Today's article may come across as a bit technical: this is not intentional, but is purely because technology and software development is my field of expertise and the source of my current life-style. The things I speak about can be applied to any aspect of life. You should always learn and practice the fundamentals. Every day. Get into mastery of a subject, rather than breeze through life on auto-pilot. While auto-pilot worked well for me when going through the split-up with my wife, it's not a good long-term strategy and I know if I carried on like an automaton, in a few years I'd be washed up and worthless in my career. When you follow a path in life, make sure you know more than just the path: learn the surrounding terrain, the weather patterns in the area you're walking in. Be the master of the path, not just another chump hired to lead a few college kids for the summer.

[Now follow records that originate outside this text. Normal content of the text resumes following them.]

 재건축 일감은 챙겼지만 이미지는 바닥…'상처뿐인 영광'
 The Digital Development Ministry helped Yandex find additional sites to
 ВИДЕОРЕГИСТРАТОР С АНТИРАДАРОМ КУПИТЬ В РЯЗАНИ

I've been a software developer for 16 years and every year I look back at what I did the year before and think "yuck" to myself. One part of me is quite excited that I can always be learning more and getting better at my chosen vocation. Another side of me feels that it is annoying that I am never a master at my profession. I find myself getting tired of the constant churn in technology, especially in the Microsoft world. I know that things change and improvement must result in change, but often I look at the technology and see just another layer of crap on top of existing crap and wonder what it's all for. Frankly, I find myself tired of all this change and the constant need to be memorising somebody else's ideas to land the next contract. I believe the term that should be used for the way developers feel about all this new and exciting technology that is not so new or exciting, is "developer fatigue".

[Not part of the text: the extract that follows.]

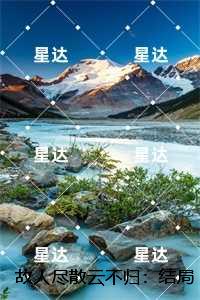 故人尽散云不归：全文下载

When you get pulled into the trap of seeing marketing as technology, you get tricked into burning all your energy learning the next greatest framework instead of practising fundamentals. What do I mean by daily fundamentals? I mean the kind of learning that is going to make you a great programmer rather than a great user of the next microsoft framework. Seriously, learning WPF and becoming an expert in the framework will be great short-term. You'll land contracts with great rates for the next 3-5 years. Maybe more if MS sticks to their ideas, but I doubt it. And after the boom, what do you have left? Five years of experience in a dead technology. So rather than deep diving into an abstract layer of technology, I advocate deep diving into the fundamentals of technology and understanding exactly how computers work, how graphics cards work, how shaders and shading languages work. Learn a new (programming) language every couple of years, and make sure you choose one to master that is commercially viable while you learn new languages, ideas and thought-patterns.
Learn how compilers work, computing theory, language theory, design patterns, algorithms, OpenGl (a really, really stable framework that's not going to just go away). Heck, I'm thinking of starting my own little framework using OpenGl as a layer of rendering widgets to cross-platform GUIs rather than relying on Microsoft and their stooges to provide me with WPF. I think c++ or java (nice and cross platform) with an underlying OpenGl library should do nicely, allowing the development of GUI applications that just work.